Do you want to centralize all your company data, to optimize decision making and increase the level of operational efficiency? Click here to request a free demo of AuraQuantic.

The importance of data intelligence

Data is not a new invention of this century. For many decades, its collection, organization, storage and analysis, based on the use of computers and databases, has served to record actions and simplify processes. This can be achieved at the click of a button, and has benefitted companies, institutions and global organizations.

However, the massive use of the internet and its evolution through the Internet of Things (IoT) have led to the development of a new digital ecosystem in the physical world, in which data plays a decisive role when predicting behavior and anticipating customer needs. To this we must add the advances in data storage and analysis, which have made it possible to capture, save and work with multiple data types.

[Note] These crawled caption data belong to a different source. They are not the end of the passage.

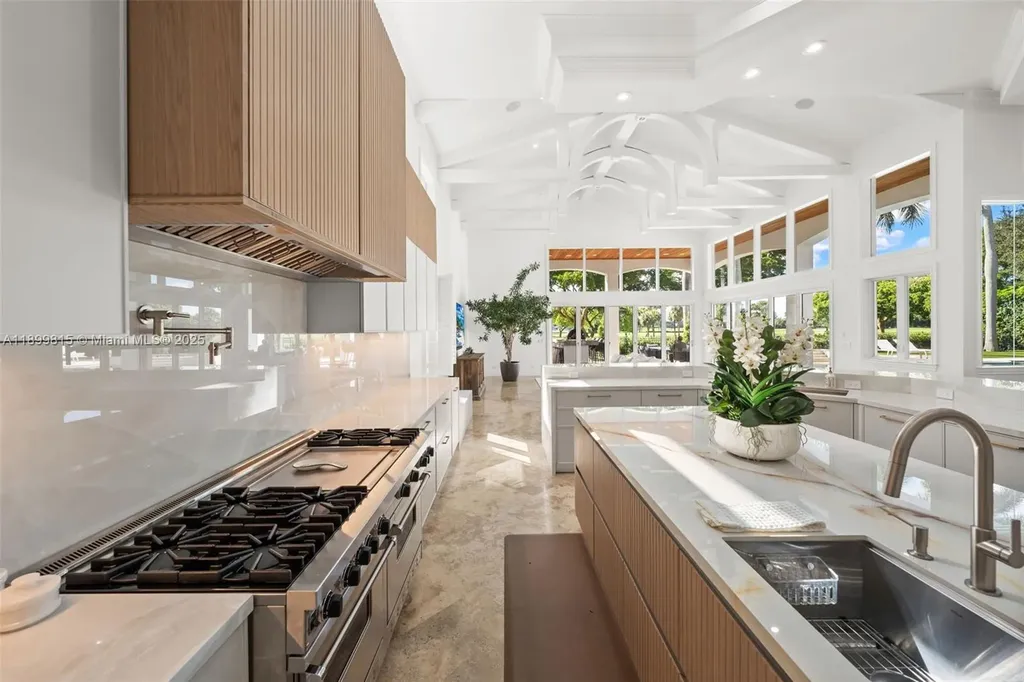 2800 NE 40th Street Fort Lauderdale FL 33308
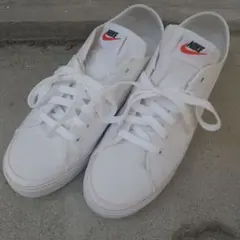 NIKE コートレガシー スニーカー　白 ホワイト キャンバス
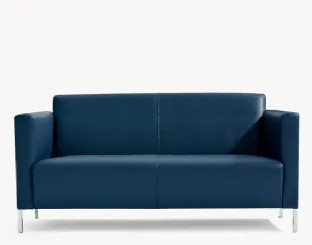 Divano linear Steel minimal e lineare in ecopelle di Moroso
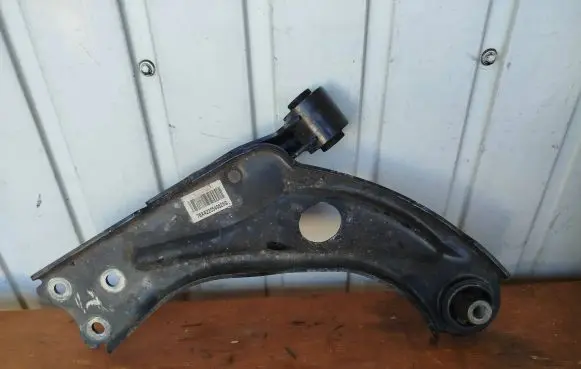 Peugeot 3008 II Front control arm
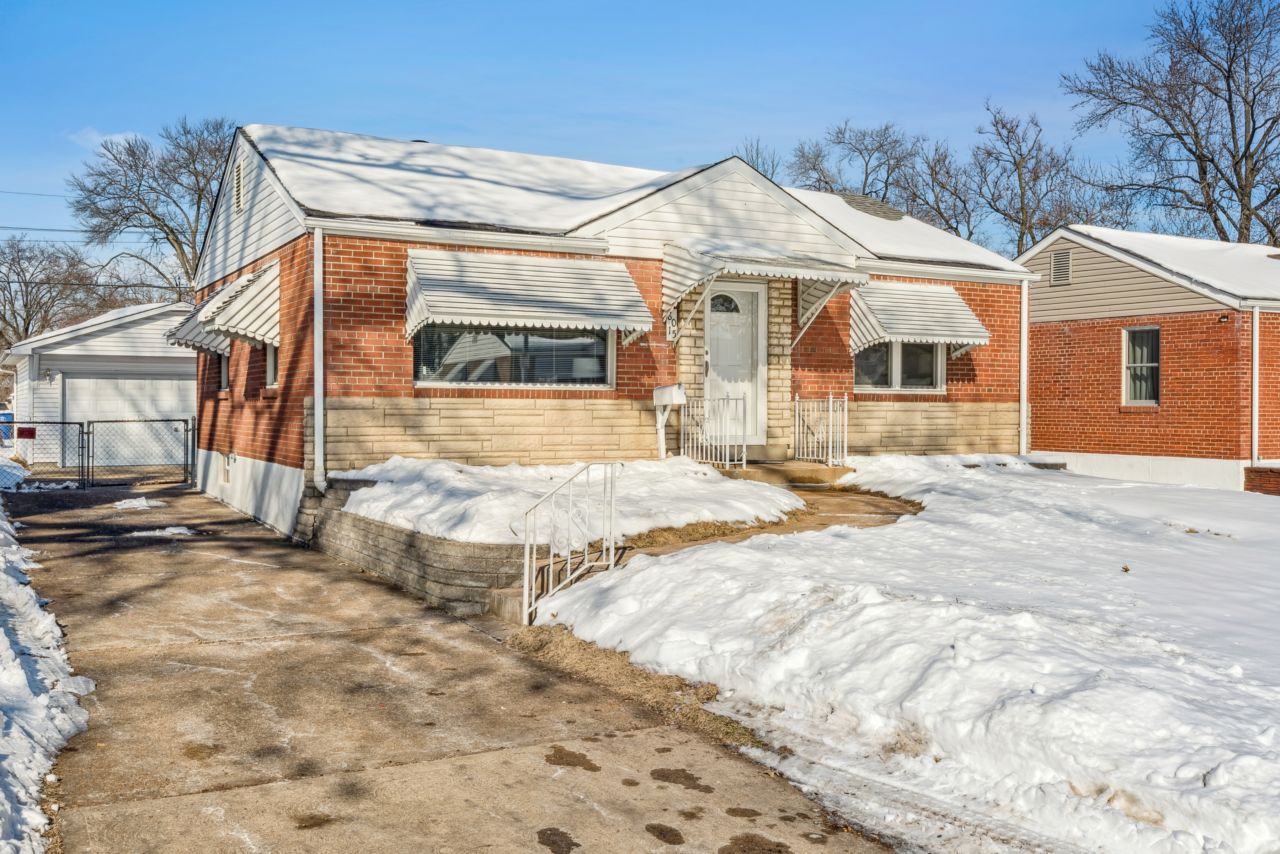 8015 Parkwood St. Louis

Today, big data goes beyond the trail or imprint that each user leaves behind after using a web browser or the type of followers or “likes” registered on their different social network profiles. Google knows which product or service advertisements to show to each user, based on their tastes, preferences or interests. Online fashion giant Zalando offers product recommendations based on each customer’s purchase history. IKEA requests the postal code from all people who make a purchase in any of its stores as part of its sales strategy, allowing them to cross-check product sales with customer locations to find out which products are sold the most in a given geographical area. During the campaign for the US presidential elections in 2012, Barack Obama’s campaign manager, Jim Messina, created a project based on data mining and microtargeting techniques applied to political communication, with the intention of achieving presidential re-election. This was possible thanks to the creation of a gigantic database that Obama’s team of analysts had obtained after the 2008 campaign and whose data they thoroughly crossed, refined and structured. The database included information provided by party donors, pollsters, volunteers, and various Democratic Party files, as well as data collected from social media. All this data served to obtain personal information from potential voters that ranged from the most basic information such as age, sex or place of residence, to more complex facts such as their income level, political inclination, degree of electoral involvement, consumption profile, preferences or circle of personal relationships, etc.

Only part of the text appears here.